(Bloomberg) -- “Oats know” is an old adage in Chicago grains markets, where moves in thinly traded oats can be a precursor for what may happen in the larger-volume corn and wheat contracts.
What oats may know this week is that bitter winter storms that slammed parts of southern Canada and the northern U.S. have threatened serious damage to grain still standing in the fields.
Oats for December delivery are poised to climb to a record close the contract that debuted about two years ago. Futures rose as much as 3%, the biggest intraday gain in two months.
“It’s mostly weather-related,” Dan Anderson, vice president of grain sales at brokerage ED&F Man Capital in Chicago, said by phone. “It’s tough getting the harvest in.”
Blizzard-like conditions last week along the U.S.-Canada border left snowcover of as much as 2 feet (0.6 meter) in parts of the area, with some crops likely being lost as a result. The oats harvest had been delayed in Canada, which was expected to reap about 18% of global production, according to U.S. Department of Agriculture data.

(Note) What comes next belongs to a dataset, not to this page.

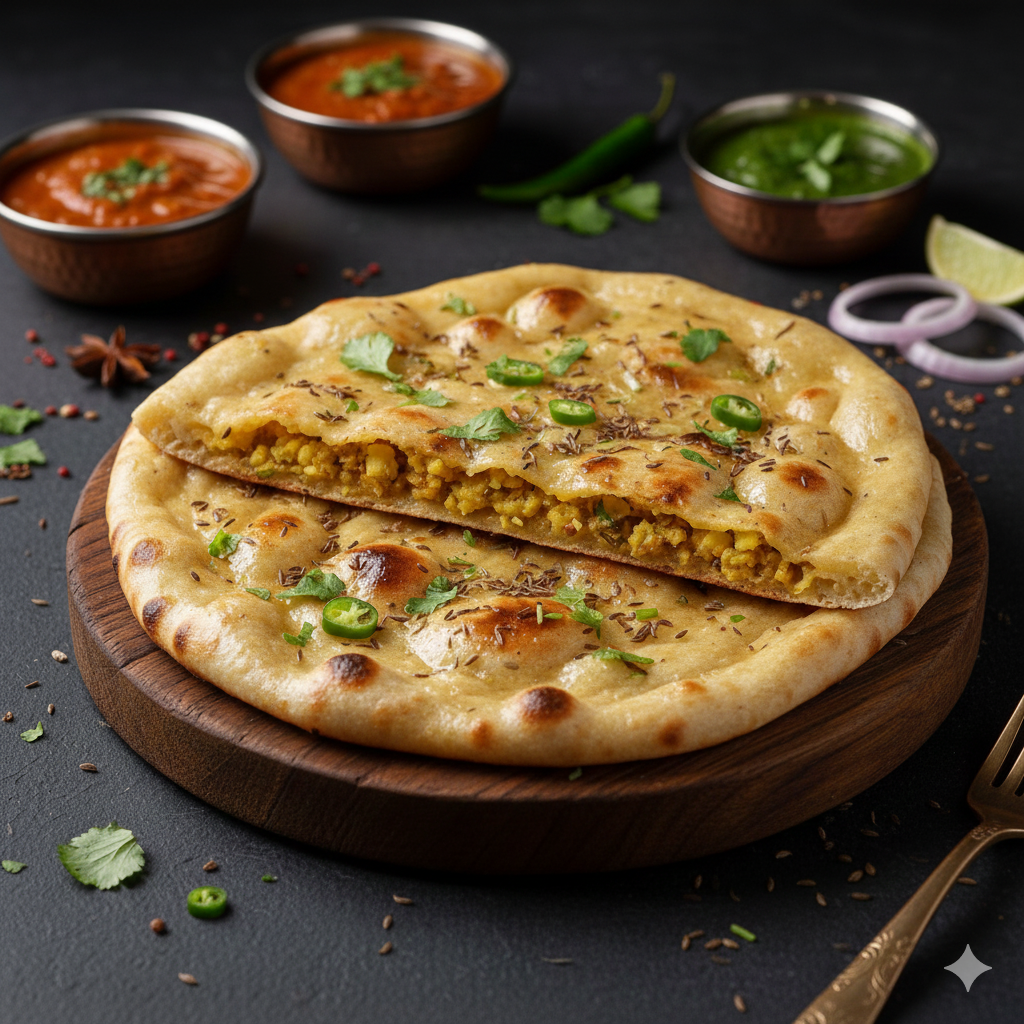 Aloo Pyaz Naan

Still, with snow covering fields, it may take weeks before damage is known. That may be why corn and wheat have so far been slow to react -- both crops were little changed in Chicago on Monday.
“It’s going to be a week, if not two weeks, before we know what happened with this winter storm,” Karl Setzer, an analyst at AgriVisor LLC, said by phone. “There’s going to be some crop loss.”